Con il terzo motivo si censura, inoltre, il provvedimento impugnato, ai sensi dell’art. 360, primo comma, nn. 3, 4 e 5, cod. proc. civ., per violazione e falsa applicazione degli artt. 112, 115, 116 cod. proc. civ. e art. 2043 c.c. Secondo il Fallimento ricorrente, la Corte di merito avrebbe pure errato nel rigettare la domanda ex art. 2043 c.c., in quanto non avrebbero potuto ‘ sussistere dubbi sulla illiceità del comportamento della Banca, che, come più volte precisato ‘ aveva ‘ prelevato somme sul c/c della società, senza avere una valida autorizzazione ‘ .
Il quarto mezzo deduce, inoltre, ‘ Violazione e falsa applicazione degli artt. 112, 115, 116 c.p.c. e art. 1282 c.c. e artt. 1, 2 e 5 DLS 231/02 (art. 360 nn. 3, 4 e 5 c.p.c.) ‘.
5. Si propone infine un quinto motivo, col quale si denuncia ‘ Violazione e falsa applicazione degli artt. 112, 115, 116, 91 e 92 c.p.c. e art. 13 DPR n. 115/2002 (art. 360 nn. 3, 4 e 5 c.p.c.) ‘. Sostiene il ricorrente che, conseguentemente all’accoglimento del ricorso, andrebbe revocata anche la condanna al versamento dell’ulteriore importo a titolo di contributo unificato pari a quello dovuto, a norma dell’art. 13, comma 1 bis del d.P.R. n. 115/2002.
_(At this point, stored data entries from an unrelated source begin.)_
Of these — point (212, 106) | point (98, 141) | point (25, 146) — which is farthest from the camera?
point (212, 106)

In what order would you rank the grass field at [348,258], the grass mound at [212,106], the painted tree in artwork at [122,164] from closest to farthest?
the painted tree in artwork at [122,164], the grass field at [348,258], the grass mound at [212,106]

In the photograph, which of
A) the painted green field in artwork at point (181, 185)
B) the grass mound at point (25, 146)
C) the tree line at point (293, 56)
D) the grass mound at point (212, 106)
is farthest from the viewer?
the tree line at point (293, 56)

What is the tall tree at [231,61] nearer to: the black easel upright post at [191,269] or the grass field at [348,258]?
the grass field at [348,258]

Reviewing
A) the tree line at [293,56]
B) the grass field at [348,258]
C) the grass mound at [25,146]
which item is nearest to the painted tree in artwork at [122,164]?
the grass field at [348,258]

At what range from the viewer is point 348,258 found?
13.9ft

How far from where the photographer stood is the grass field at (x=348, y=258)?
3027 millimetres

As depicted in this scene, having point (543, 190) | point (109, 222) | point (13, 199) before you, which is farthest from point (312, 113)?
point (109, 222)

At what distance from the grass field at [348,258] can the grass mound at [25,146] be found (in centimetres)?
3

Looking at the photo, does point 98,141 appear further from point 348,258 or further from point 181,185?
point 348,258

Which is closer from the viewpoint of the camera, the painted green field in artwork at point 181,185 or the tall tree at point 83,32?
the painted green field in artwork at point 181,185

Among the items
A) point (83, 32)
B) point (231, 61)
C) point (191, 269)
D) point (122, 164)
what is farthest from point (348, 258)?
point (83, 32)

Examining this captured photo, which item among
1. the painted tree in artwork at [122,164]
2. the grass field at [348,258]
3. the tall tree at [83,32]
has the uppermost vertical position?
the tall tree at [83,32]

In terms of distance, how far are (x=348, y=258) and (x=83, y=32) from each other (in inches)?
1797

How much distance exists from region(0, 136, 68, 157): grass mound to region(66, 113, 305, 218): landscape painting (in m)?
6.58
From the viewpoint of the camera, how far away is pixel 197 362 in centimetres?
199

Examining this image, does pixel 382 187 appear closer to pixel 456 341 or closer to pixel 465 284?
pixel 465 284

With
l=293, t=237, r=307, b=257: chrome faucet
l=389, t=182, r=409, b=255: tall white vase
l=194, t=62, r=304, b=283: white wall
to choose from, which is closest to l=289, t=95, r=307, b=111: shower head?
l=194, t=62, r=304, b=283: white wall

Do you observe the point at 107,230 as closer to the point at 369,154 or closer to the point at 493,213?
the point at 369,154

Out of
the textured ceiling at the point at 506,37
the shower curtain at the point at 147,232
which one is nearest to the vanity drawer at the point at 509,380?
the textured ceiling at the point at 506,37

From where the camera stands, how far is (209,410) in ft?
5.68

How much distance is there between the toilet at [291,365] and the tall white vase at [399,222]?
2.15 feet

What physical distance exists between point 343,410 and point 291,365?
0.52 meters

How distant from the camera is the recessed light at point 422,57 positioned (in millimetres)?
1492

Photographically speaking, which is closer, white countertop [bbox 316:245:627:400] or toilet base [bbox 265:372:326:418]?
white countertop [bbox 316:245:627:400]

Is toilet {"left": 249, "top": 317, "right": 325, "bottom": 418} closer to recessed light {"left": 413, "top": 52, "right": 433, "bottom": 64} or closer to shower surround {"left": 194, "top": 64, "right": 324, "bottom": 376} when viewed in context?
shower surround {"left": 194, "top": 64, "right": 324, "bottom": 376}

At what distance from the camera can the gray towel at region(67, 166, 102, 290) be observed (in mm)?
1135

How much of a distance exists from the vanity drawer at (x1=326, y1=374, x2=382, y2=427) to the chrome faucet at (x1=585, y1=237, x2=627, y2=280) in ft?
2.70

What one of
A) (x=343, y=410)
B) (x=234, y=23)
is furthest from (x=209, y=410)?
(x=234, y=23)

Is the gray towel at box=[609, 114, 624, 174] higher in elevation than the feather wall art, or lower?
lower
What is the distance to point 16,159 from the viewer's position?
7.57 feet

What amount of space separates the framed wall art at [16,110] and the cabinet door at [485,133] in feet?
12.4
L’esposizione delle sopra riferire ragioni di doglianza conferma la carenza di interesse della parte ricorrente a predicare la fondatezza dei citati restanti motivi di ricorso, posto che la mancata censura, in modo adeguato, della ratio decidendi relativa all’accertato pagamento delle rimesse solutorie da parte del terzo rende superfluo ed irrilevante ogni ulteriore postulazione difensiva nel senso sopra ricordato.
Nessuna statuizione è dovuta per le spese del presente giudizio di legittimità, stante la mancata difesa della società intimata.
Sussistono i presupposti processuali per il versamento da parte della ricorrente dell’ulteriore importo a titolo di contributo unificato pari a quello, ove dovuto, per il ricorso a norma del comma 1 bis dello stesso art.13 (Cass. Sez. Un. 23535 del 2019).
P.Q.M.
dichiara inammissibile il ricorso.
Ai sensi dell’art. 13 comma 1 quater del d.P.R. n. 115 del 2002, inserito dall’art. 1, comma 17 della l. n. 228 del 2012, dà atto della sussistenza dei presupposti per il versamento, da parte del ricorrente, dell’ulteriore importo a titolo di contributo unificato pari a quello, se dovuto, per il ricorso principale, a norma del comma 1-bis, dello stesso articolo 13.